- [Prompt]:
Please copy, word for word, the line that contains "150ml Boutique Yixing" and every line after it through the end of the records, and nothing more.

- [Provided information]:
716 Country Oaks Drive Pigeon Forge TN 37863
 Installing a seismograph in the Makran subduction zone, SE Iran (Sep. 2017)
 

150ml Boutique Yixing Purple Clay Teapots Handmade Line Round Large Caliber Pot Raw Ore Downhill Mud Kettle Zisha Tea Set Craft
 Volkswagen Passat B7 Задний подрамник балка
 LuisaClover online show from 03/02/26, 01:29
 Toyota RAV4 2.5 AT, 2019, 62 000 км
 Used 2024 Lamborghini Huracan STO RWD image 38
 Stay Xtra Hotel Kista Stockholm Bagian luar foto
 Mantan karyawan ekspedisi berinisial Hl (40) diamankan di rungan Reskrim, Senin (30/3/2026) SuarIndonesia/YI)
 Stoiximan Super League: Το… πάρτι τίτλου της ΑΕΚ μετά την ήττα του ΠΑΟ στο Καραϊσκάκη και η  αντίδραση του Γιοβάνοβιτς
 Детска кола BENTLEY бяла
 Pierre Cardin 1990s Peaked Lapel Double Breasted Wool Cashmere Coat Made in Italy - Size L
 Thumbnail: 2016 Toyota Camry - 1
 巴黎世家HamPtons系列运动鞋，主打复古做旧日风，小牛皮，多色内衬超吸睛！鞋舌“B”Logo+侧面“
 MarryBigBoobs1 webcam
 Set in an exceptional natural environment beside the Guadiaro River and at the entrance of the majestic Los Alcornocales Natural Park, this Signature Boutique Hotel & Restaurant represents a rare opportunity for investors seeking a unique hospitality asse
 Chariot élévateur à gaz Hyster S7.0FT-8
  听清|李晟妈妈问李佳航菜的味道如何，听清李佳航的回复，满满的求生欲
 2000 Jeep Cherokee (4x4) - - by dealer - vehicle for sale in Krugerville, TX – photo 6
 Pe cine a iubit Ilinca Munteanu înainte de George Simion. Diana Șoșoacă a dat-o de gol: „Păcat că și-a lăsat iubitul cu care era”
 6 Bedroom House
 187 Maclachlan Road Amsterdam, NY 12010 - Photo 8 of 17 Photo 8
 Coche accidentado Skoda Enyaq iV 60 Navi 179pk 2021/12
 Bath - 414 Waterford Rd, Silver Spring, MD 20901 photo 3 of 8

- [Task solution]:
150ml Boutique Yixing Purple Clay Teapots Handmade Line Round Large Caliber Pot Raw Ore Downhill Mud Kettle Zisha Tea Set Craft
 Volkswagen Passat B7 Задний подрамник балка
 LuisaClover online show from 03/02/26, 01:29
 Toyota RAV4 2.5 AT, 2019, 62 000 км
 Used 2024 Lamborghini Huracan STO RWD image 38
 Stay Xtra Hotel Kista Stockholm Bagian luar foto
 Mantan karyawan ekspedisi berinisial Hl (40) diamankan di rungan Reskrim, Senin (30/3/2026) SuarIndonesia/YI)
 Stoiximan Super League: Το… πάρτι τίτλου της ΑΕΚ μετά την ήττα του ΠΑΟ στο Καραϊσκάκη και η  αντίδραση του Γιοβάνοβιτς
 Детска кола BENTLEY бяла
 Pierre Cardin 1990s Peaked Lapel Double Breasted Wool Cashmere Coat Made in Italy - Size L
 Thumbnail: 2016 Toyota Camry - 1
 巴黎世家HamPtons系列运动鞋，主打复古做旧日风，小牛皮，多色内衬超吸睛！鞋舌“B”Logo+侧面“
 MarryBigBoobs1 webcam
 Set in an exceptional natural environment beside the Guadiaro River and at the entrance of the majestic Los Alcornocales Natural Park, this Signature Boutique Hotel & Restaurant represents a rare opportunity for investors seeking a unique hospitality asse
 Chariot élévateur à gaz Hyster S7.0FT-8
  听清|李晟妈妈问李佳航菜的味道如何，听清李佳航的回复，满满的求生欲
 2000 Jeep Cherokee (4x4) - - by dealer - vehicle for sale in Krugerville, TX – photo 6
 Pe cine a iubit Ilinca Munteanu înainte de George Simion. Diana Șoșoacă a dat-o de gol: „Păcat că și-a lăsat iubitul cu care era”
 6 Bedroom House
 187 Maclachlan Road Amsterdam, NY 12010 - Photo 8 of 17 Photo 8
 Coche accidentado Skoda Enyaq iV 60 Navi 179pk 2021/12
 Bath - 414 Waterford Rd, Silver Spring, MD 20901 photo 3 of 8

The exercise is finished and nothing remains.